Don Boudreaux writes:
Trump is motivated by largely the same set of economically mistaken notions that motivated the most famous mercantilist state official of the 17th century: Jean-Baptiste Colbert. The mind of Trump, like that of Colbert, is a nest of mercantilist fallacies and superstitions, such as that a nation grows wealthier the more it exports relative to the amount that it imports – that nations compete against each other economically – that the maximum possible accumulation of money in the home country is, or ought to be, the objective of trade policy – that (therefore) so-called “trade deficits” are bad and “trade surpluses” are good – that to ensure maximum possible exports relative to imports the state is duty-bound to prevent ordinary people from dealing commercially on their own individually chosen terms with foreigners – and, oh oui!, that for big, rich countries trade wars are easy to win.
(It’s more than passing strange that the premier economic dogma of Trumpian populists has as its greatest historical practitioner a French baron who served for 22 years as the Chief Minister of State for the Sun King.)
Also see, Murray Rothbard on Colbert:
 Cold, humorless, hard and implacable, "a man of marble" as he was called by a contemporary, Jean-Baptiste Colbert yet had the wit to engage in boundless flattery and demeaning personal service to his royal patron.

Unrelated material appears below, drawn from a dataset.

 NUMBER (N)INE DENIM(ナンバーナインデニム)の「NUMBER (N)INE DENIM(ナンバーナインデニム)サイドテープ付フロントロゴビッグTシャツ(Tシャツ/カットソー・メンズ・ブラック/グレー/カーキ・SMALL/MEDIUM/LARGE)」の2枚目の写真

Thus Colbert wrote to Louis on the occasion of a military victory, "One must, Sire, remain in silent wonder, and thank God every day for having caused us to be born in the reign of a king like Your Majesty."
And no service to the Sun King was too demeaning. Colbert searched for the king's missing swans, supplied Louis with his favorite oranges, arranged for the birth of the king's illegitimate children, and bought jewels for mistresses on the king's behalf.